Paul McCartney released McCartney II in 1980. Now, 40 years later, he releases McCartney III. For someone with hits in five different decades (yeah, Elvis did that, but he was dead for two of them), it’s not likely he’s going to fail with this one. My favorite is Kiss of Venus, but check out the amazing blues guitar work on Long Tailed Winter Bird. This is classic McCartney unleashed, rock, blues, jazz, Beatles, and orchestration, sometimes all at once. Seize the Day sounds like classic late-60’s Beatles. He’s 79 years old and still plucking away like a master. You might not like all the tracks, but the album is worthy.
Badfinger: No Matter What: Revisiting the Hits is probably the weakest of this group. You might not immediately remember the name, but you’ve certainly heard their music, even if it was only the Brady Bunch doing a cover of Day After Day on their first album. One of the problems is most of the band is dead. Like Greenfields, having a different singer do a cover of one of Badfinger’s past hits isn’t a problem, but more like Alice Cooper, it’s the strange mix of styles that kind of sinks the album. Some sound deliberately tinny, 60’s British mono throwbacks. Some sound ethereal and Pink Floyd-ish. Some, because you know the song so well, just don’t sound right, as happens when – well, when someone remakes a favorite song in a very different style. Sometimes it’s done very right, such as The Art of McCartney (If you doubt Cooper’s talent, check out his Eleanor Rigby). This time, the greatness just doesn’t come together.

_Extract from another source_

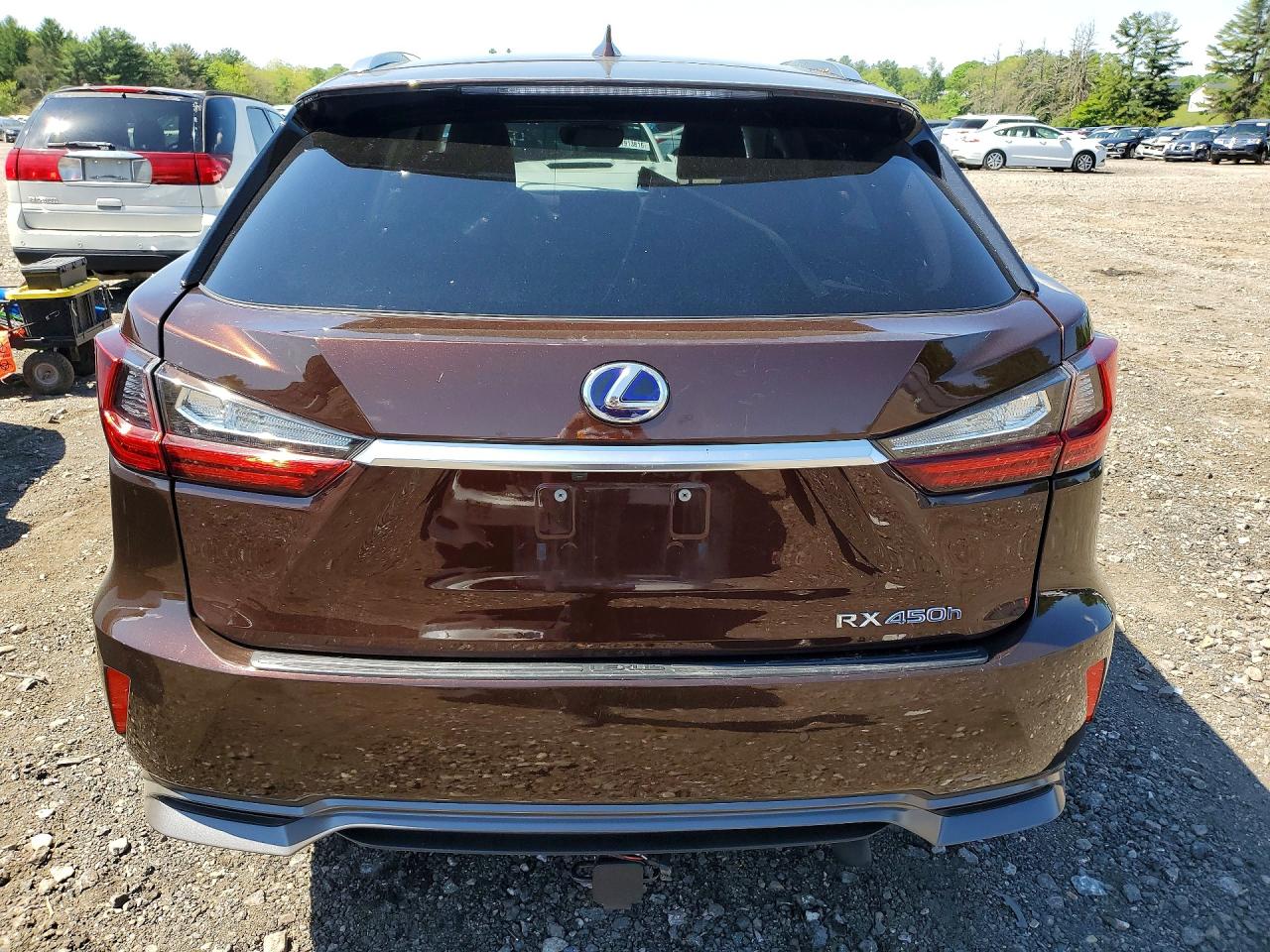 Lexus RX Base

Peter Frampton hits his 50th year as a solo artist this year (he’s been in bands since the age of 12). His newest release is an instrumental cover album entitled Frampton Forgets the Words, an easy way to release old material. Imagine you’re at a massive outdoor concert – a rock festival somewhere, and you’re walking around the grassy fields picking your way through people, and there’s some really awesome band on stage playing a 50-minute instrumental improv and it’s just a groovy background soundtrack to your life. That’s exactly what this album is. Nothing sticks out, it’s just the perfect background music for your life, somewhat familiar and comforting without you really knowing why.
If you know the artists, give these a try. If you don’t know the artists, give them a try anyway. You might just find you missed something good.